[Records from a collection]
——

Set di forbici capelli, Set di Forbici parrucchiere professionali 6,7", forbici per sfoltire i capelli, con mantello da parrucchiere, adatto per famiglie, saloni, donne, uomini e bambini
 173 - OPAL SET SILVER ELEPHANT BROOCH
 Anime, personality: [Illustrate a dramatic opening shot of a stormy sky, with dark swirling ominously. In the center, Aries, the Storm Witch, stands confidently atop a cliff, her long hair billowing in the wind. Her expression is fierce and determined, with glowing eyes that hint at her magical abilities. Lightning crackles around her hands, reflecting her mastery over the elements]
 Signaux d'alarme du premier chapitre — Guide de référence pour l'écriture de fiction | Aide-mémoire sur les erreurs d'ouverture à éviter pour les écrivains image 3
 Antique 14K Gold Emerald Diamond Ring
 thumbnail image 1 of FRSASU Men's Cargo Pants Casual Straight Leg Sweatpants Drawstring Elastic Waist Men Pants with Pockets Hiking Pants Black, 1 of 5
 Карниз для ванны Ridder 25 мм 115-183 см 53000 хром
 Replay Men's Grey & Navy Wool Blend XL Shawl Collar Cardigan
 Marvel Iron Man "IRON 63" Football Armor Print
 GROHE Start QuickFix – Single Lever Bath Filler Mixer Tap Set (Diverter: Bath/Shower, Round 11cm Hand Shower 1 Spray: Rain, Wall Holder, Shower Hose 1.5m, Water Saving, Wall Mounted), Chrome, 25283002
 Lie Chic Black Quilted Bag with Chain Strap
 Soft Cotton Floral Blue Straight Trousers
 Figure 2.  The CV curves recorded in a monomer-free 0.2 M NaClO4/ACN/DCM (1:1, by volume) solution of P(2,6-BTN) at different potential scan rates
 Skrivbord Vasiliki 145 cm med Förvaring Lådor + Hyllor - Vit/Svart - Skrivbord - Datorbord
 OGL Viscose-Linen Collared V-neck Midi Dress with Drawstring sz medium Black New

——

Exercise prompt: When you reach the line containing "Карниз для ванны" in the data above, retype it and each line after it through the final one, exactly as written.

Exercise output:
 Карниз для ванны Ridder 25 мм 115-183 см 53000 хром
 Replay Men's Grey & Navy Wool Blend XL Shawl Collar Cardigan
 Marvel Iron Man "IRON 63" Football Armor Print
 GROHE Start QuickFix – Single Lever Bath Filler Mixer Tap Set (Diverter: Bath/Shower, Round 11cm Hand Shower 1 Spray: Rain, Wall Holder, Shower Hose 1.5m, Water Saving, Wall Mounted), Chrome, 25283002
 Lie Chic Black Quilted Bag with Chain Strap
 Soft Cotton Floral Blue Straight Trousers
 Figure 2.  The CV curves recorded in a monomer-free 0.2 M NaClO4/ACN/DCM (1:1, by volume) solution of P(2,6-BTN) at different potential scan rates
 Skrivbord Vasiliki 145 cm med Förvaring Lådor + Hyllor - Vit/Svart - Skrivbord - Datorbord
 OGL Viscose-Linen Collared V-neck Midi Dress with Drawstring sz medium Black New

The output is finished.